Your goal.
Retype every line from the one containing "However, for some" through the last line of the records below, both included; leave out the pictures.
Segment Start: Raw data
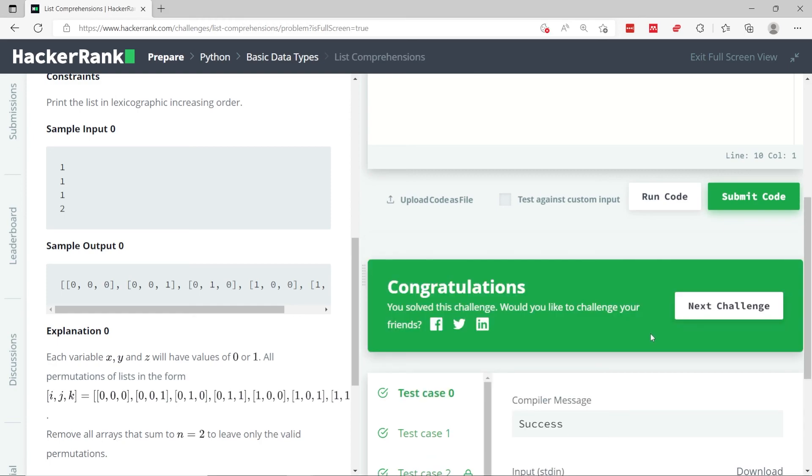So that's it for the Python HackerRank challenge called list comprehensions. If you like this video, please subscribe to my channel, and I'll see you in the next video.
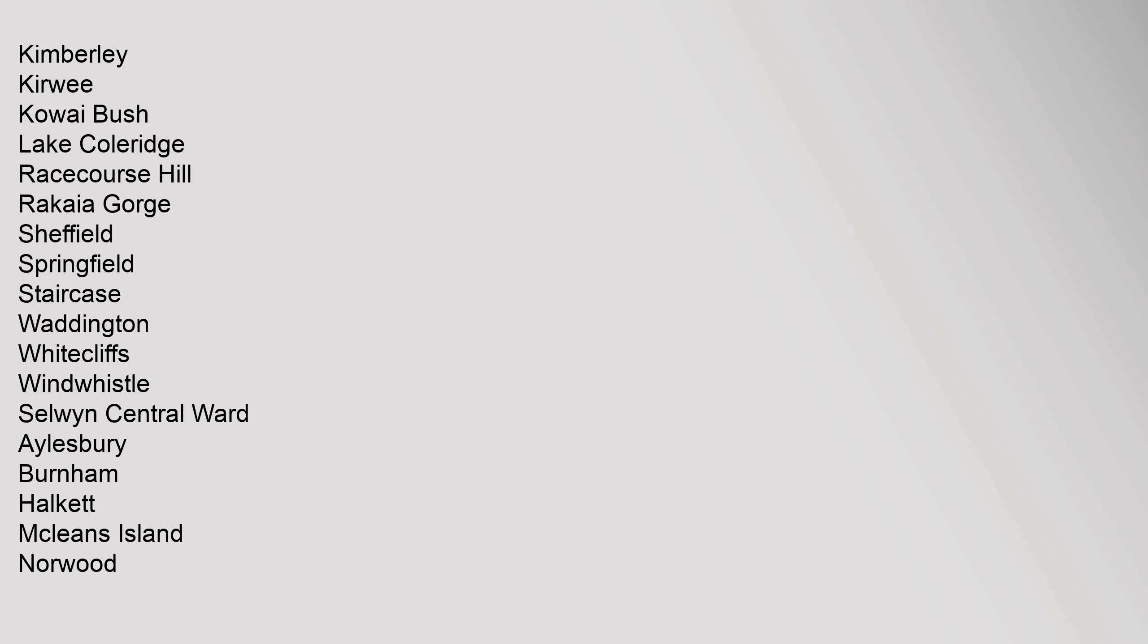Greendale, Glentunnel, Hawkins, Homebush, Harora, Kimberley, Kirwee, Kowai Bush, Lake Coleridge, Racecourse Hill, Rakaia Gorge, Sheffield, Springfield, Staircase, Waddington, Whitecliffs, Windwhistle. Selwyn Central Ward: Aylesbury.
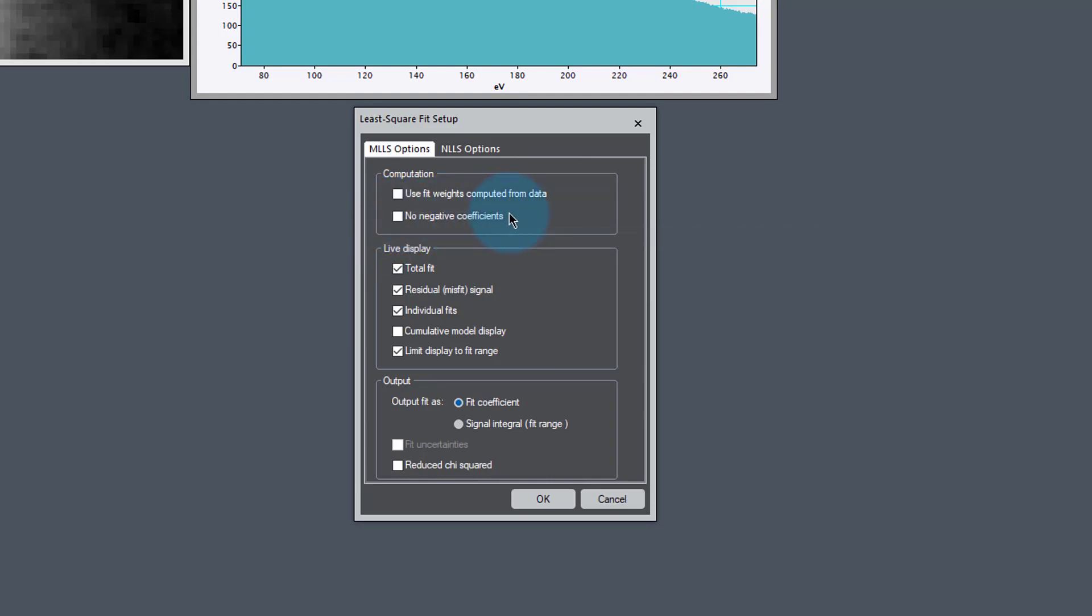For computation, let's use the fit weights computed from the data. That means all of the data values will be scaled by their uncertainty. By doing that, we ensure that the high intensity signals don't dominate the weaker intensity signals simply because they have more intensity. This scales everything by its certainty.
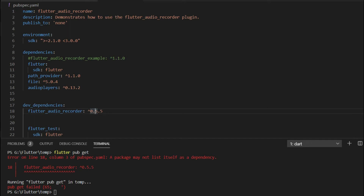This error occurs when the dependency or dev dependency name is the same as the project name. In this case, the project name is 'flutter_audio_recorder' and the dev dependency name is also 'flutter_audio_recorder'. When this situation occurs, Flutter sends the error: 'the package may not list itself as a dependency'.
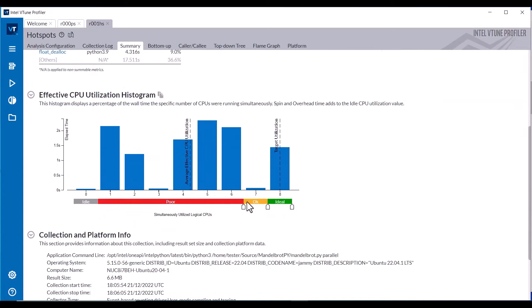The CPU Utilization Histogram shows that while this application created eight child threads, they did not all run simultaneously for the duration of the application.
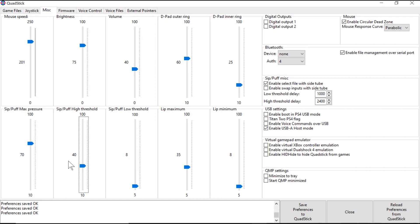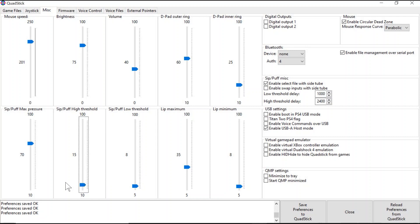However, for some individuals — specifically someone on a ventilator — this threshold might be too high for them to activate the controls, or they might have to use a lot of effort, making it exhausting to play games. Therefore, this might need to be lowered to a smaller number so they can activate the controls adequately without being exhausted or unable to generate the required respiratory force.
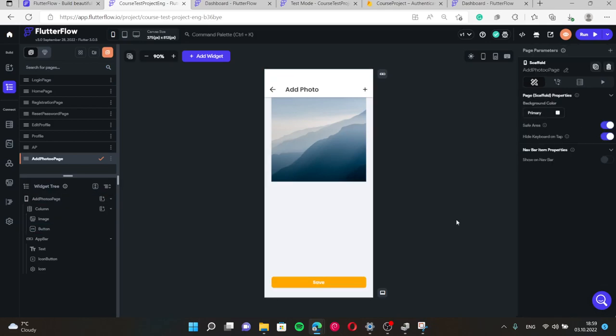Yes, that's it. This is the layout of add photo page.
Segment End: Raw data
Answer to this problem.
However, for some individuals — specifically someone on a ventilator — this threshold might be too high for them to activate the controls, or they might have to use a lot of effort, making it exhausting to play games. Therefore, this might need to be lowered to a smaller number so they can activate the controls adequately without being exhausted or unable to generate the required respiratory force.
Yes, that's it. This is the layout of add photo page.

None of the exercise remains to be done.